*AVAILABLE DATA*
○ ○ ○ ○
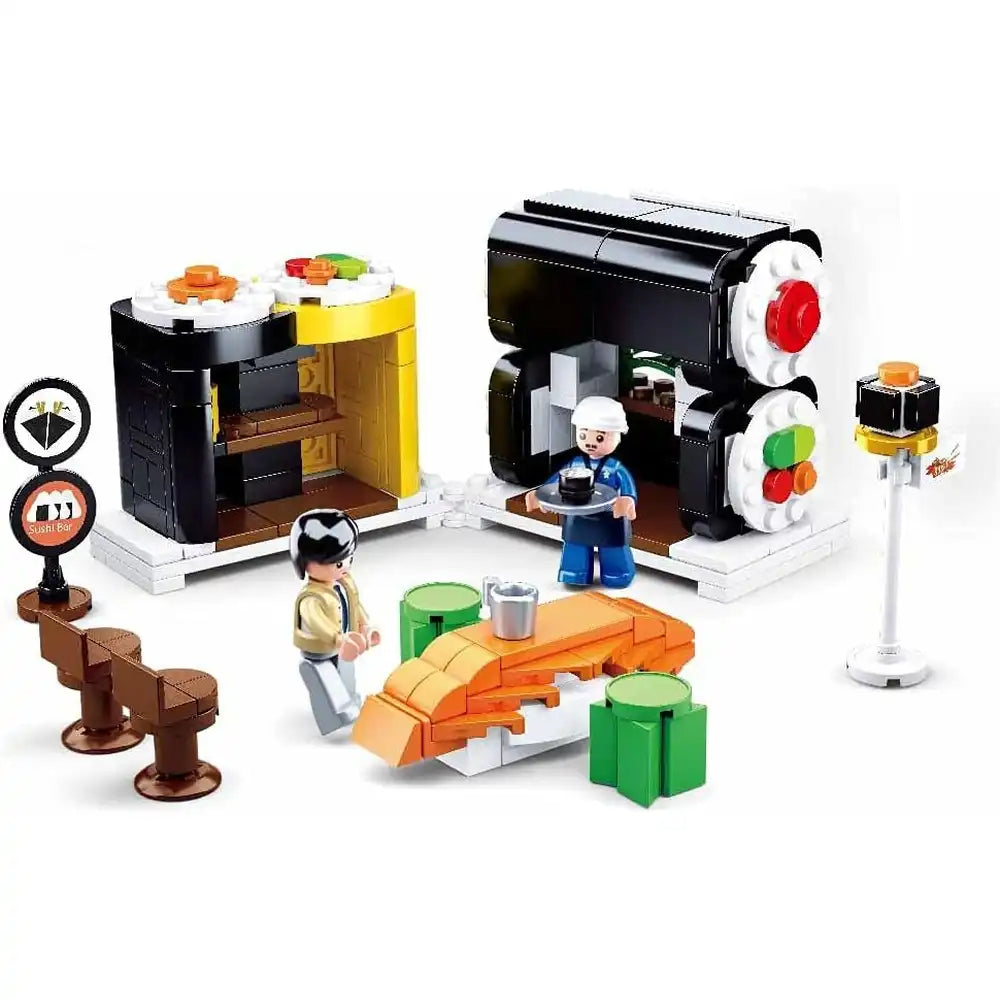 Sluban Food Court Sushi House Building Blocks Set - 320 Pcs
○ ○ ○ ○
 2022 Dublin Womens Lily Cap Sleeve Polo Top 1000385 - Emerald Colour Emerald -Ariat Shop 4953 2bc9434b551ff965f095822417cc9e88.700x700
○ ○ ○ ○
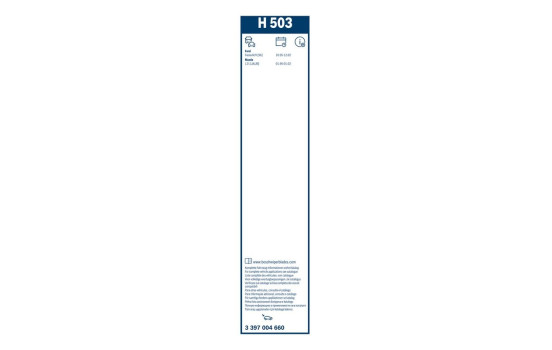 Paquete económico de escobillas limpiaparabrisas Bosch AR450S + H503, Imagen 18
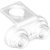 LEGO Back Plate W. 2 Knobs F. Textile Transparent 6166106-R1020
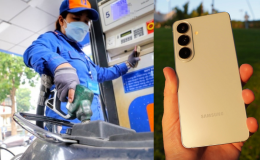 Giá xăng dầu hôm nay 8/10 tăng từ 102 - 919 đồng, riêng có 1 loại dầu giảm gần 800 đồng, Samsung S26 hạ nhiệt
○ ○ ○ ○
*AIM OF THE EXERCISE*
Could you transcribe exactly the entries above, but only the lines from the one with "LEGO Back Plate" through the one with "Giá xăng dầu", and without pictures?

*REPLY*
 LEGO Back Plate W. 2 Knobs F. Textile Transparent 6166106-R1020
 Giá xăng dầu hôm nay 8/10 tăng từ 102 - 919 đồng, riêng có 1 loại dầu giảm gần 800 đồng, Samsung S26 hạ nhiệt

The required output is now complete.